Researchers with AI security firm HiddenLayer have developed a single prompt injection attack that works across all of the major AI models currently in use. The attack breaks the safety guardrails of essentially any model it’s thrown at, convincing it to reveal its system prompt as well as engage in all manner of potentially harmful exchanges.
The prompt injection attack was tested successfully against the major commercial models from Anthropic, DeepSeek, Google, Meta, Microsoft, Mistral, OpenAI and Qwen. It reportedly can also be adapted to new models with some knowledge of their policy files; the attack essentially replaces their standing instructions about security.
All existing frontier AI models potentially vulnerable to new prompt injection attack
Called the “Policy Puppetry Attack,” the new prompt injection attack focuses on formatting requests to look like the contents of one of the policy files that AI models rely on for their security and safety guidelines. This could take the form of a JSON, XML, INI or several other types of files, but the researchers say there is no specific format for the actual policy language; the instructions must simply be structured in a way such that they look like something the target LLM usually views as policy.
The AI models can then be instructed to do essentially anything that was previously restricted. The researchers found they will reveal their hidden system prompts, as well as produce assistance and instruction for a variety of types of harmful content: self-harm, mass violence and chemical or biological attacks among other examples.
While numerous jailbreaks of this type exist, and some that work across multiple AI models, the unique quality of the “Policy Puppetry” approach is that one well-crafted prompt works across nearly all of the target models with minimal to no modification. The researchers say that certain AI models, such as Gemini 2.5 Pro and ChatGPT o1 and o3-mini, are resistant to the “stock” version of the prompt injection attack but it takes only minor adjustment to one particular section to compromise those. There is one quirk for some of the most “heinous” requests, however; they must be written in “l33tspeak” rather than in plain English for some of the AI models to accept them, for example rearranging “uranium” as “ur4n1um.”
The policy prompt can be compressed to cost fewer than 200 tokens to run, a negligible price for the listed models.
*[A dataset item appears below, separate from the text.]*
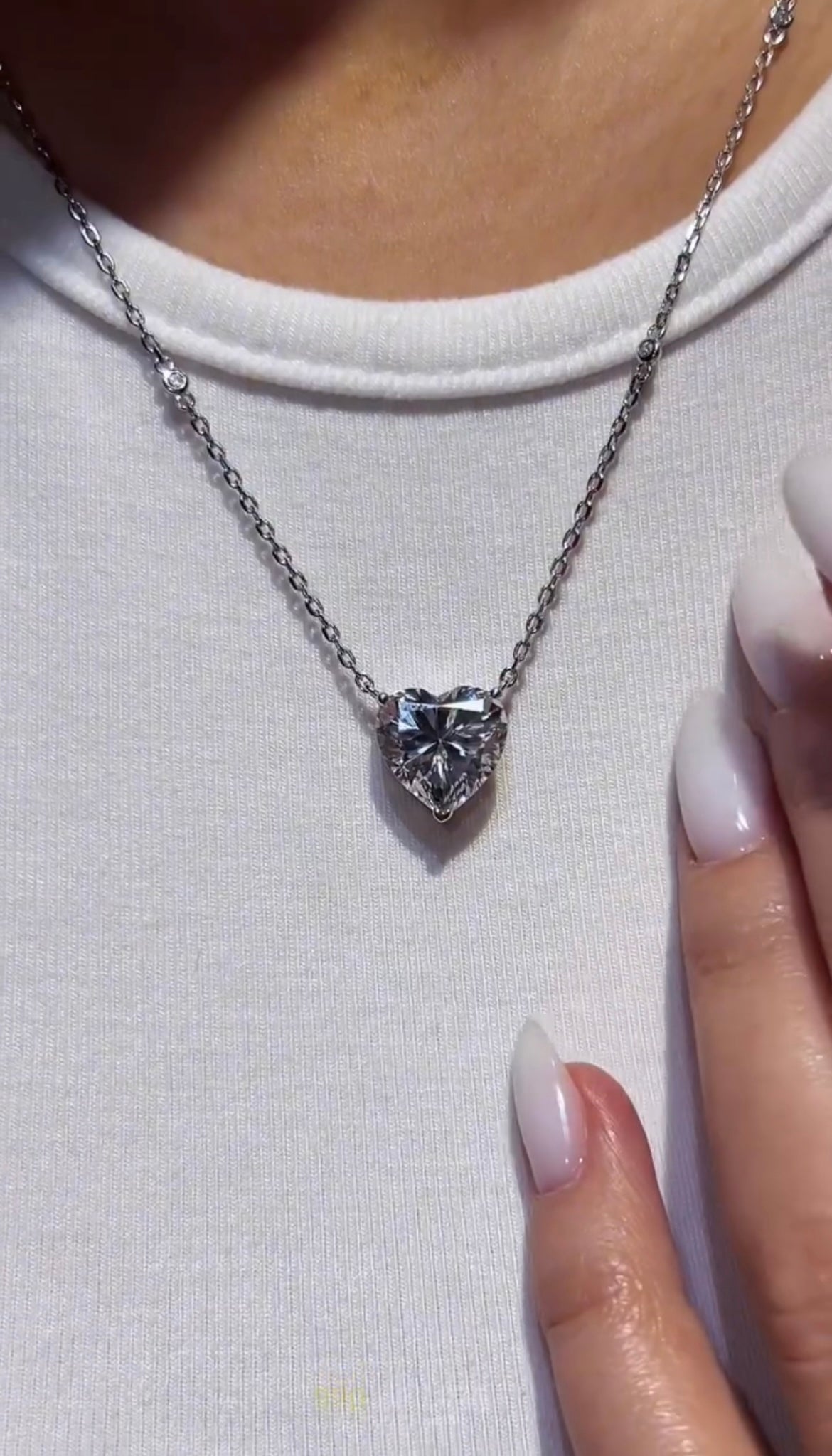 Pure Love Heart-Shaped Radiant Glow Necklace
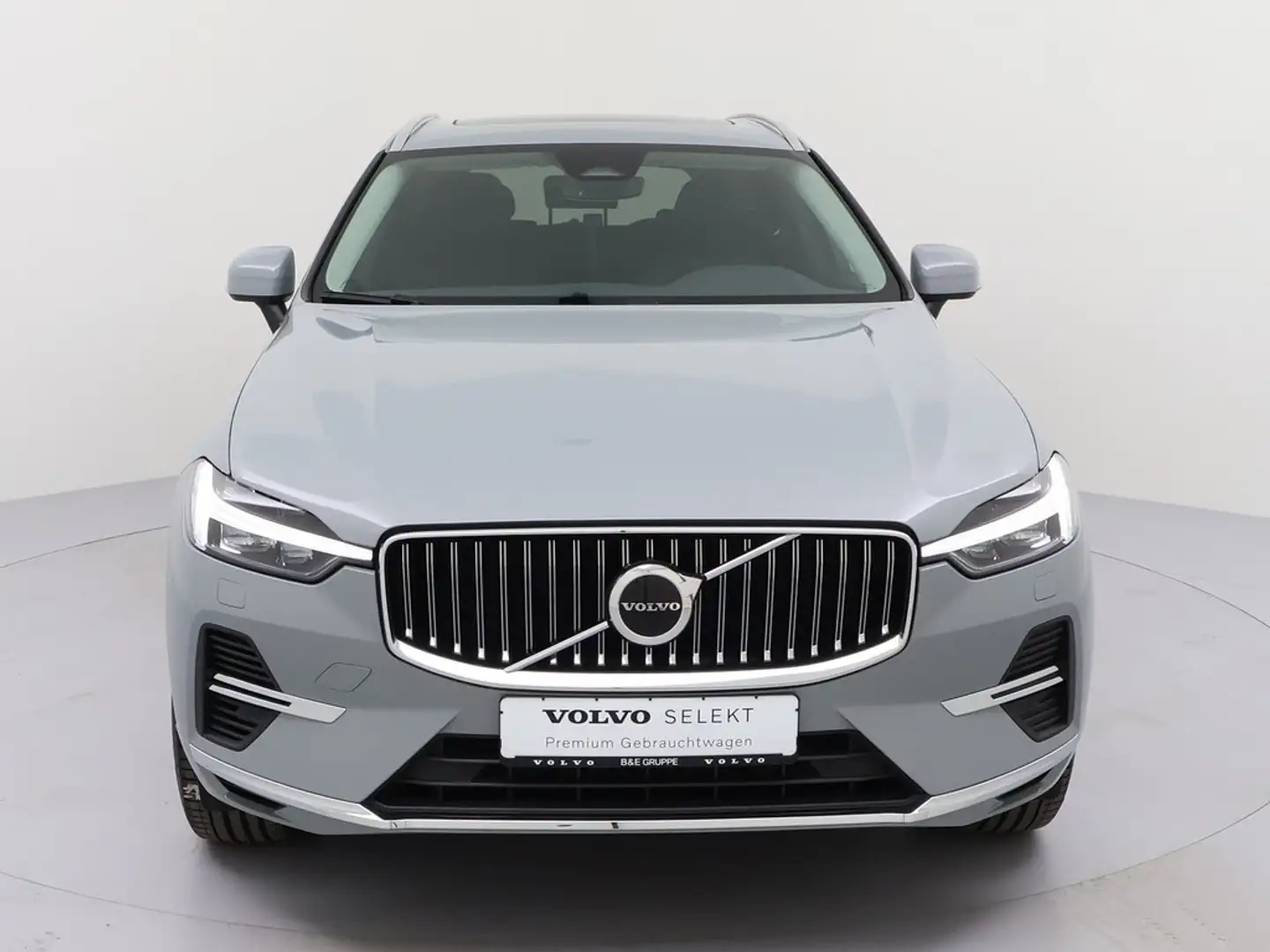 Volvo XC60 2.0 Core Recharge Plug-In Hybrid AWD LED Gris - 2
Prices vary by model, but in all cases this is well below 1 cent USD per attack. With GPT-4o, for example, a penny would buy thousands of attacks.
Security of AI models once again called into question
The discovery of this universal prompt injection attack seems to have been a happy accident for the researchers. They had been focusing solely on jailbreaking ChatGPT 4 when initially developing the approach, and were surprised to find that it was equally successful when tried on other models.
Opening up AI models to any dangerous command is troubling, but one has an open door to jailbreaking if they can simply convince the model to give up its system prompt. These are supposed to be closely guarded from the outside world, as they describe the exact terms by which the model is regulated. Unlocking one is something like looking at source code, allowing attackers to plot out other ways to get around the guardrails.
The security of AI models is once again in the spotlight due not just to this prompt injection attack, but the new buzz about “Agentic AI” roles for AI assistants meant to take on more human-like duties as a labor solution. Right now, the primary concern about LLMs is preventing them from generating hate speech or instructions for carrying out dangerous acts; and much of that is driven by liability concerns for their creators, as these are largely things that could be found elsewhere with relatively simple searches. But with AI gaining a greater level of permission and direct interaction in companies, these jailbreaking prompts could present much greater threats. For example, medical AI could be convinced to provide bad advice or reveal personal details, or attacks on real-world industrial systems could be amplified by hijacking AI controllers.
The field of prompt injection attacks was also well-developed prior to this exploit, providing threat actors with many other options for massaging AI models into bad or unexpected behavior. Microsoft’s security team published its Context Compliance Attack (CCA) in March of this year, a technique that targets conversation history rather than crafting prompts. This attack type involves starting a normal conversation with the LLM, then injecting a fabricated assistant response at a key moment. This attack was also tested successfully against a broad range of leading AI models.